With regards to content, I’ve seen a couple of amazing things on automated content production (real life application of machine learning). This could be a massive game changer for SEO and search engines in the next couple of years and is probably something people should keep in mind. Google is looking for good content, but when you cannot produce high quality content as frequently as technology, someday a robot is going to replace you.
How is SEO industry in France?
It’s clear that the French market holds technological superiority with regards to SEO, you can see it since we have companies like OnCrawl and Botify originating from France. However, there is a gap with marketing that other countries perform better.

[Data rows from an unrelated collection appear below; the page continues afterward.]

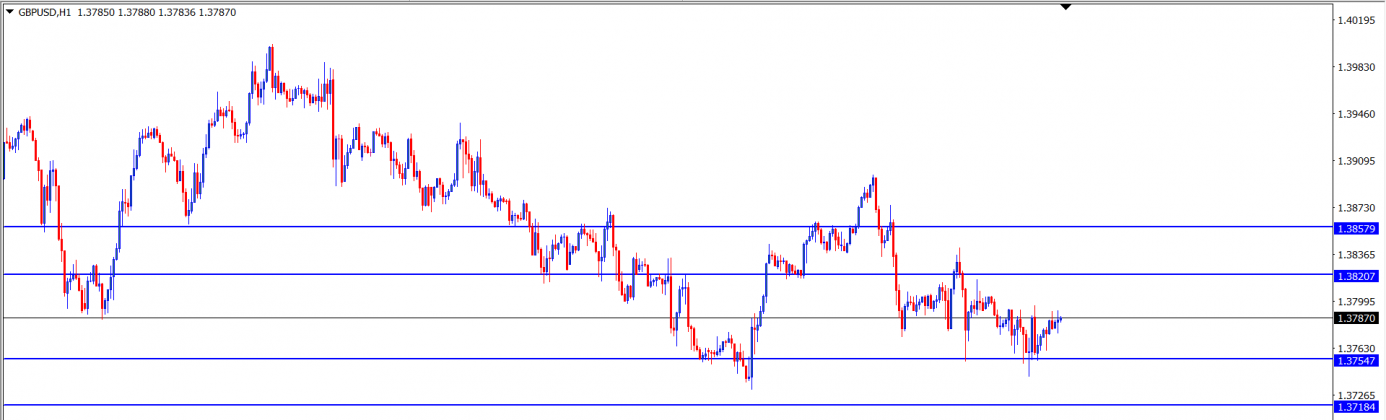 GBPUSD : Analisa Teknikal Harian 9 Juli 2021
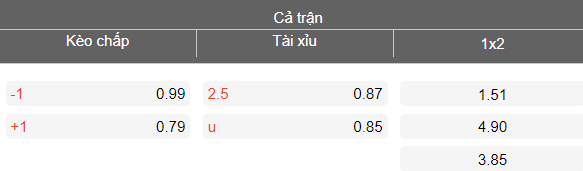 Nhận định soi kèo Rizespor vs Antalyaspor, 17h30 ngày 8/3: Khó thắng cách biệt - Ảnh 4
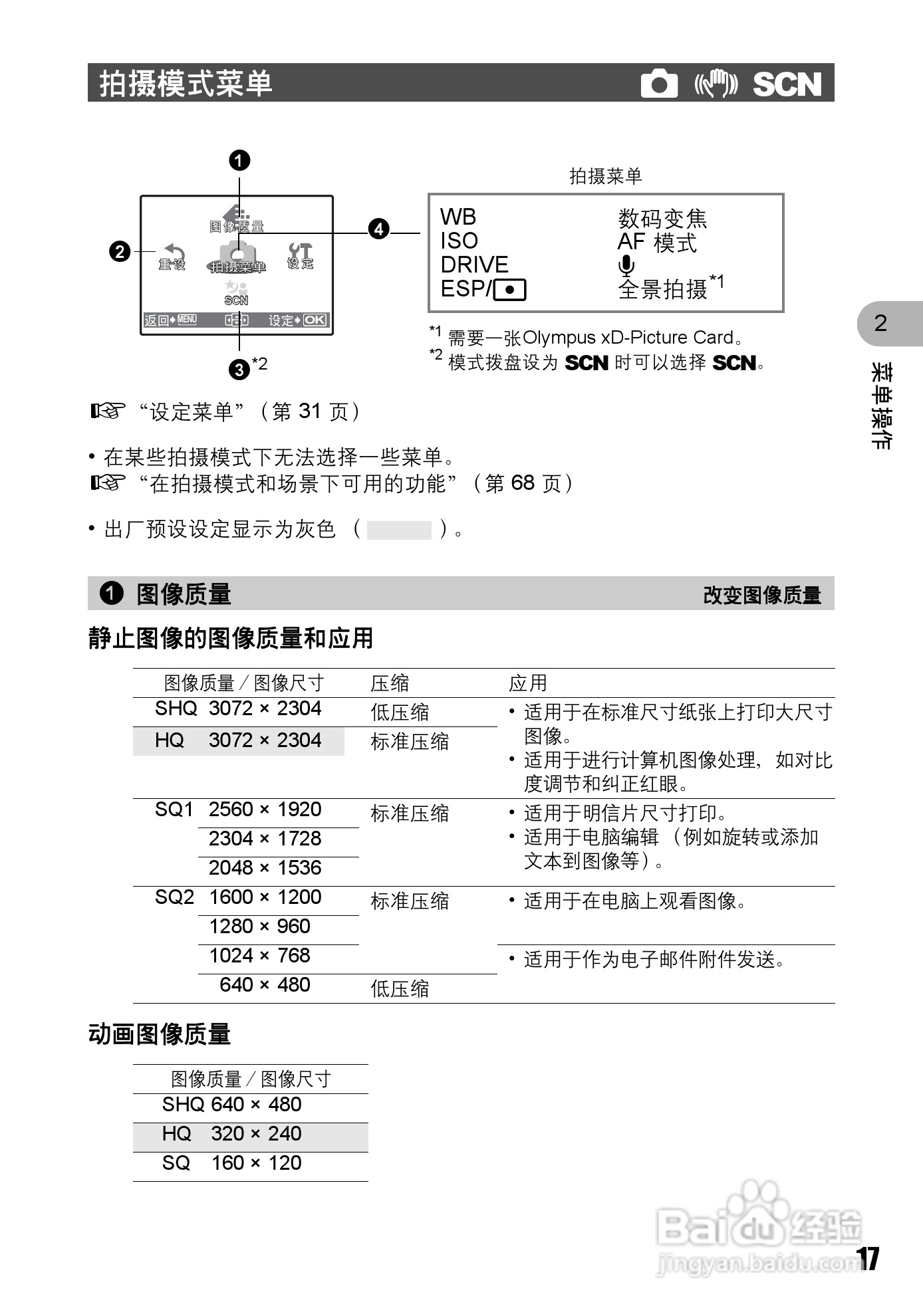 奥林巴斯 stylus 725W数码相机说明书:[2]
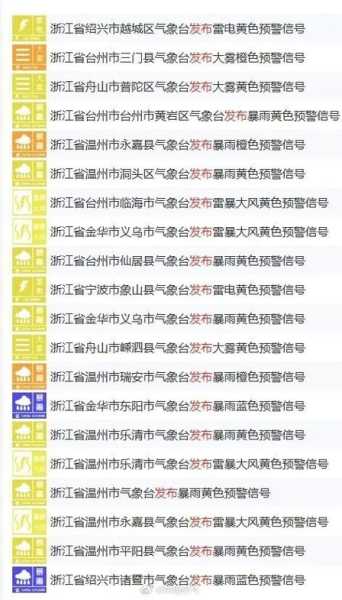4月10日台州天气_出行穿衣需注意什么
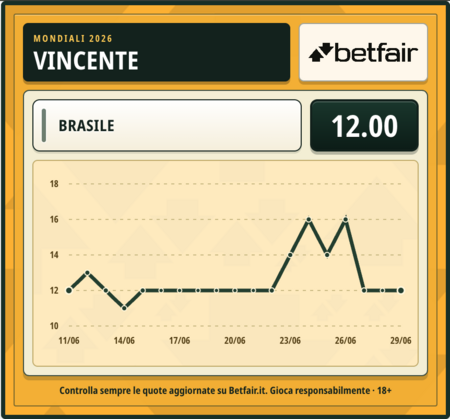 quota-brasile-vincente.png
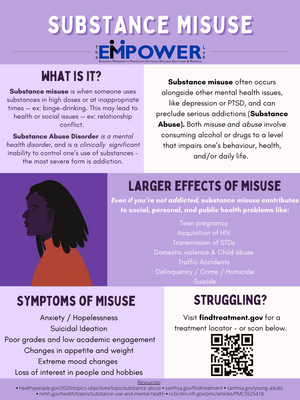 Facts of Substance Misuse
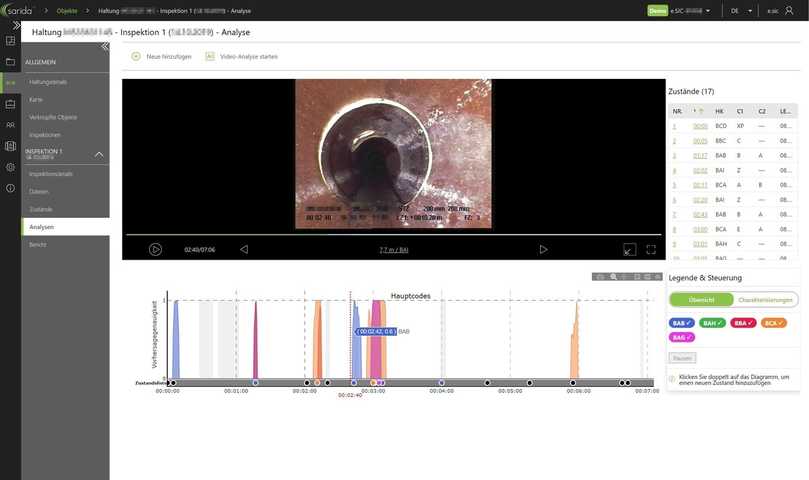 Sarida Portal zur KI-gestützten Videoanalyse im Nachgang der TV-Inspektion | Foto: e.SIC Sarida Portal zur KI-gestützten Videoanalyse im Nachgang der TV-Inspektion | Foto: e.SIC
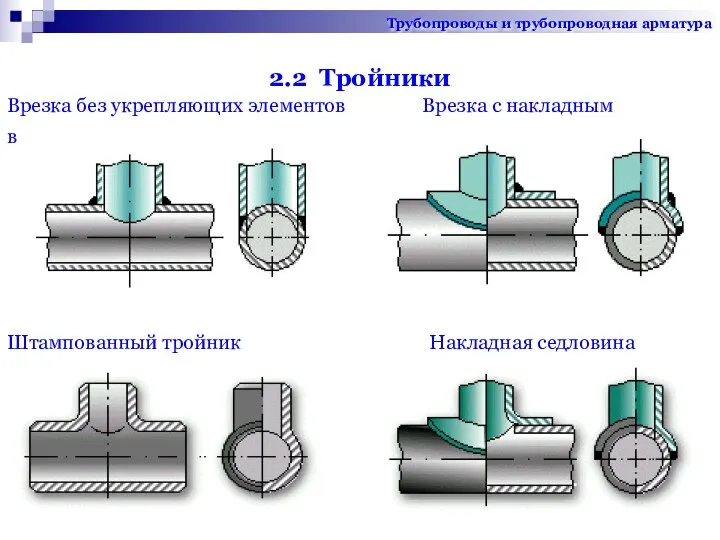 2.2 Тройники Врезка без укрепляющих элементов Врезка с накладным воротником Штампованный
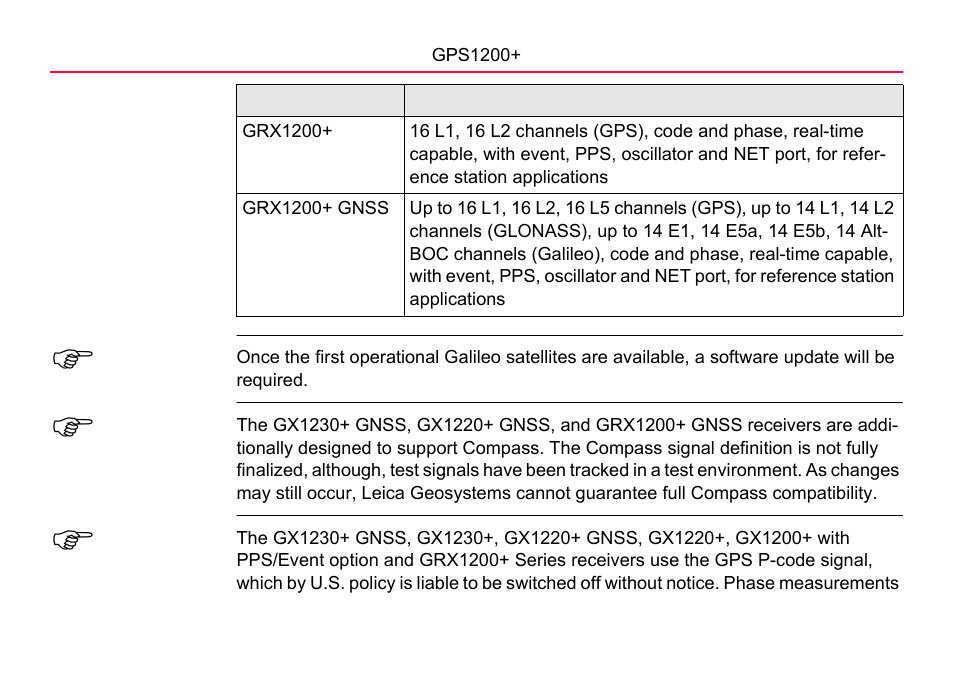 LEICA GPS1200 User Manual | Page 12 / 152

That said though, the best froggy crawler is from the UK, which is fun actually so they got us there 😉
Best SEO conferences ?
I’ve done mainly conferences in France and only a couple in the UK (Leeds, Brighton, SMX) so I will wait to see Seattle or Vegas to tell you where to go 🙂
You should come to WeLoveSEO in Paris (October each year). It is an event organised by Myposeo that brings together influential people from the SEO industry to share their expertise and network with each other. If that doesn’t convince you then you should know that the food is amazing (French of course) and alcohol is free (for me at least).
If you could change how Google works what would that be?
Never thought about that really. Honestly, in my opinion, I think they have proven that it’s working great just the way it is. They keep their users first so it’s not just about the revenue for them but everything surrounds relevancy in the results and value to the user
I’ve tried to use different search engines sometimes and always come to the same conclusion which is, I really want to give you my personal data so you can give me a better experience when searching. Other search engines just simply don’t know how to give you what you need so seamlessly.
If I had to pick and choose one thing that I would change, maybe I would hope they stop showing 4 ads right at the top of the page and display a white on white “ads” label so we can organically rank in position 1 above the fold again!
What would change in the SEO industry?
Nothing would ever change in the SEO industry, no matter how much Google changes. You will always see people trying to sneak in and find bigger and better ways to rank higher and higher and get the best visibility!
People to follow and why?
I could recommend a couple of French people but as good as they are in the French industry, they don’t really speak or write in English.
The best at this are probably : @loukilaymen, because he holds some really interesting conferences and gives great insight and advice about new occurrences that you never have time to work on. Or my friend @francoisgoube because he runs @OnCrawl and what they do is just amazing.
Alexandre is co-founder and CEO at Myposeo, an SEO software that help marketers to collect, organize and visualize SEO data for better decisions. Alexandre is also a mountain addict, a data lover and a basketball fan and player.